> _Problem_: Would you please copy exactly the line with "Kit Sofá 3 Lugares" and all lines that follow it in the data below, through the last one?

> _Exercise data_:
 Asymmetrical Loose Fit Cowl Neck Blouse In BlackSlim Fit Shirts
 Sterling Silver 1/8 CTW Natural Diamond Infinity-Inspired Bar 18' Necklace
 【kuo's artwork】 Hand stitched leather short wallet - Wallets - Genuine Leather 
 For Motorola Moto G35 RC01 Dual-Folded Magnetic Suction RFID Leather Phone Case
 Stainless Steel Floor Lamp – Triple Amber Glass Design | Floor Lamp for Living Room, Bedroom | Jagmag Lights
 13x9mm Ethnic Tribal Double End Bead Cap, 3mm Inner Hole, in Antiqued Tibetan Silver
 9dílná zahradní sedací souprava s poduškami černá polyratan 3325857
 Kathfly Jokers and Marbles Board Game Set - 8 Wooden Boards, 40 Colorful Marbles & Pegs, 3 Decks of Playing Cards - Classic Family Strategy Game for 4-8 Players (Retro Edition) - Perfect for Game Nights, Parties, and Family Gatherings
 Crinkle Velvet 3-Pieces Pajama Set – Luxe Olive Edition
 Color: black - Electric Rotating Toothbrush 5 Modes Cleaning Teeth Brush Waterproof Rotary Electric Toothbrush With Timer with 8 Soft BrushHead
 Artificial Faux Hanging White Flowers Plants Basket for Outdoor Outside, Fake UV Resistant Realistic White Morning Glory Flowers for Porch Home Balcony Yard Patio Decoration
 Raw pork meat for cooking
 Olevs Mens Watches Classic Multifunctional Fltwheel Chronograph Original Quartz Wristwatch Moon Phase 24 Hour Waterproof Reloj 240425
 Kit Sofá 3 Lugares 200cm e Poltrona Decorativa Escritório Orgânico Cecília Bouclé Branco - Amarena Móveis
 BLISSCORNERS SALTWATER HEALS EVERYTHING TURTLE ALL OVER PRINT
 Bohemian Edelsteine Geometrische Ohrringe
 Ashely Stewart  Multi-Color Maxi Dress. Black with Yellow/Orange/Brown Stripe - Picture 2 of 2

> _Exercise output_:
 Kit Sofá 3 Lugares 200cm e Poltrona Decorativa Escritório Orgânico Cecília Bouclé Branco - Amarena Móveis
 BLISSCORNERS SALTWATER HEALS EVERYTHING TURTLE ALL OVER PRINT
 Bohemian Edelsteine Geometrische Ohrringe
 Ashely Stewart  Multi-Color Maxi Dress. Black with Yellow/Orange/Brown Stripe - Picture 2 of 2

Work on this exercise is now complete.